Exercise:
Among the records that follow, set down only the lines from the one containing "迷糊羊不织布教程 第2步" to the one containing "4 Bedrooms 130M2", both included, exactly.

Data for processing:

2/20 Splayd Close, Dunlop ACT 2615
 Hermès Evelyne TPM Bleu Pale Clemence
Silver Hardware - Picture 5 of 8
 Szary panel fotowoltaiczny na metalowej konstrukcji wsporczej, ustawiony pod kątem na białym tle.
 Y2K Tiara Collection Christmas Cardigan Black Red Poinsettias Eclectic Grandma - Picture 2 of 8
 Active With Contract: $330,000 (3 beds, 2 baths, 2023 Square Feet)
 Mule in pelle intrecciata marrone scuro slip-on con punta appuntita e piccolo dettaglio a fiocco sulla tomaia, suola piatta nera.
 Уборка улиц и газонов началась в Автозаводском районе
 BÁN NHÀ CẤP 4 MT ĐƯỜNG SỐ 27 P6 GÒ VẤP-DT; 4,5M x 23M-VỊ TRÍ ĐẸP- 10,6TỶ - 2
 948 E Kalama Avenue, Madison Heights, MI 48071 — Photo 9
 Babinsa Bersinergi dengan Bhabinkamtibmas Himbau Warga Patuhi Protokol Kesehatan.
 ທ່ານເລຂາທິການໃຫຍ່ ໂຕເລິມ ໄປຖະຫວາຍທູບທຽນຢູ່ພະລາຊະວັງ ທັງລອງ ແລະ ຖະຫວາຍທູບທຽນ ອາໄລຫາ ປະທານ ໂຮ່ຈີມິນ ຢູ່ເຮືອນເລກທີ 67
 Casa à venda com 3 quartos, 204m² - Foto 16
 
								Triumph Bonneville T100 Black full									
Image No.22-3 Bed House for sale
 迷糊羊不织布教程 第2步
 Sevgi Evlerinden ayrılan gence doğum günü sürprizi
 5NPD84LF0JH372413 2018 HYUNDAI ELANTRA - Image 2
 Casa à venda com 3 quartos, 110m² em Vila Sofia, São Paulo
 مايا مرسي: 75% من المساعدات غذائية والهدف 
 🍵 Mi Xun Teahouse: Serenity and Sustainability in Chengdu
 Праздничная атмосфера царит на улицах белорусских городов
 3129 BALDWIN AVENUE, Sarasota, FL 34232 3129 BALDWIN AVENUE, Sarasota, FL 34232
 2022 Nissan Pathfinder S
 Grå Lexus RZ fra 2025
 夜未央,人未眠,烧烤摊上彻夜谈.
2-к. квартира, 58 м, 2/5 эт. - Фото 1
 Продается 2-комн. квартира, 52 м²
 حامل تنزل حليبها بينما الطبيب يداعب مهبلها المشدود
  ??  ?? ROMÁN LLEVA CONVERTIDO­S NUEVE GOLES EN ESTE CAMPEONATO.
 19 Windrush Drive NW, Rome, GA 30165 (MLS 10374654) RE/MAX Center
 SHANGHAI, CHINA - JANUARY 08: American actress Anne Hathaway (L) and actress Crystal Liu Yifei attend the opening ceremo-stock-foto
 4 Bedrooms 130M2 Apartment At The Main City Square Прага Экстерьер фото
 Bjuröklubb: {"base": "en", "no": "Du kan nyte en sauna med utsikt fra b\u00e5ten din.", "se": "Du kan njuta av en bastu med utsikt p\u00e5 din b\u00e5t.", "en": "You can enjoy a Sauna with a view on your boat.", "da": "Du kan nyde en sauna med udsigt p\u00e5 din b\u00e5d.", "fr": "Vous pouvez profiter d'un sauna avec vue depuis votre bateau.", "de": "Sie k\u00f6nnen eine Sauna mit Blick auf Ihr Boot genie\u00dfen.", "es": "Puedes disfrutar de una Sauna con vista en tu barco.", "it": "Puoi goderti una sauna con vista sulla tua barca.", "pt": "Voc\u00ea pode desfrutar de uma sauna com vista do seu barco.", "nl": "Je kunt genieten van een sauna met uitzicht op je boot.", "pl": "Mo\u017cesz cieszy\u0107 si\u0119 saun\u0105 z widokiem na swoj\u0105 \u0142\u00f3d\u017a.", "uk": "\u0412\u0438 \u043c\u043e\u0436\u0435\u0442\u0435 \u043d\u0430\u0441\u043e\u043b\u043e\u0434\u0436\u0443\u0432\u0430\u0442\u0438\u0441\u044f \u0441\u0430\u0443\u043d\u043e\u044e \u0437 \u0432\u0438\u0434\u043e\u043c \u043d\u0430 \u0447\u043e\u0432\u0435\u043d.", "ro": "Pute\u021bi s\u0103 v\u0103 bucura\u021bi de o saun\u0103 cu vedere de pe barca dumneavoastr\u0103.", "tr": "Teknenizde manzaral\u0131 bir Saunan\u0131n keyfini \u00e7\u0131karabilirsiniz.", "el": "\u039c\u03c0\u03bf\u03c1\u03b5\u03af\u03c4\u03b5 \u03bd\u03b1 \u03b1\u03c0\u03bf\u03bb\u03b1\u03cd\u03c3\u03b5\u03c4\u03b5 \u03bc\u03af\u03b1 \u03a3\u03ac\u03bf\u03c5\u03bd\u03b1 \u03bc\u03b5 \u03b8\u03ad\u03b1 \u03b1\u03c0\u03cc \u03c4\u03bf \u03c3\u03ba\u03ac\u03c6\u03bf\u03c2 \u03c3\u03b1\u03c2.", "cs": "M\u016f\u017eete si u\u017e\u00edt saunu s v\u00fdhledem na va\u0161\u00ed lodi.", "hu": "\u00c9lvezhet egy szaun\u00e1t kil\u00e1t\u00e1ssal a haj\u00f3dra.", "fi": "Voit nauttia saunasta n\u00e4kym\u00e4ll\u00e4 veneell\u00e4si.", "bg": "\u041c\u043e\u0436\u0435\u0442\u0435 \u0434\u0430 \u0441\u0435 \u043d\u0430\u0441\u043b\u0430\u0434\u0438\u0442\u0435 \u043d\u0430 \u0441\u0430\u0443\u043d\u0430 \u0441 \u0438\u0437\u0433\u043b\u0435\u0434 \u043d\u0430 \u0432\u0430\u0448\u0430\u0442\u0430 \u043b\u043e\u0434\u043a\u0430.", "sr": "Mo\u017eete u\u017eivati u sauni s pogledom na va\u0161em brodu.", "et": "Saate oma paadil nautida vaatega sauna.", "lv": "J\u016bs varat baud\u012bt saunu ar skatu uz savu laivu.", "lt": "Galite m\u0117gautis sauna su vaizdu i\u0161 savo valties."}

Exercise response:
 迷糊羊不织布教程 第2步
 Sevgi Evlerinden ayrılan gence doğum günü sürprizi
 5NPD84LF0JH372413 2018 HYUNDAI ELANTRA - Image 2
 Casa à venda com 3 quartos, 110m² em Vila Sofia, São Paulo
 مايا مرسي: 75% من المساعدات غذائية والهدف 
 🍵 Mi Xun Teahouse: Serenity and Sustainability in Chengdu
 Праздничная атмосфера царит на улицах белорусских городов
 3129 BALDWIN AVENUE, Sarasota, FL 34232 3129 BALDWIN AVENUE, Sarasota, FL 34232
 2022 Nissan Pathfinder S
 Grå Lexus RZ fra 2025
 夜未央,人未眠,烧烤摊上彻夜谈.
2-к. квартира, 58 м, 2/5 эт. - Фото 1
 Продается 2-комн. квартира, 52 м²
 حامل تنزل حليبها بينما الطبيب يداعب مهبلها المشدود
  ??  ?? ROMÁN LLEVA CONVERTIDO­S NUEVE GOLES EN ESTE CAMPEONATO.
 19 Windrush Drive NW, Rome, GA 30165 (MLS 10374654) RE/MAX Center
 SHANGHAI, CHINA - JANUARY 08: American actress Anne Hathaway (L) and actress Crystal Liu Yifei attend the opening ceremo-stock-foto
 4 Bedrooms 130M2 Apartment At The Main City Square Прага Экстерьер фото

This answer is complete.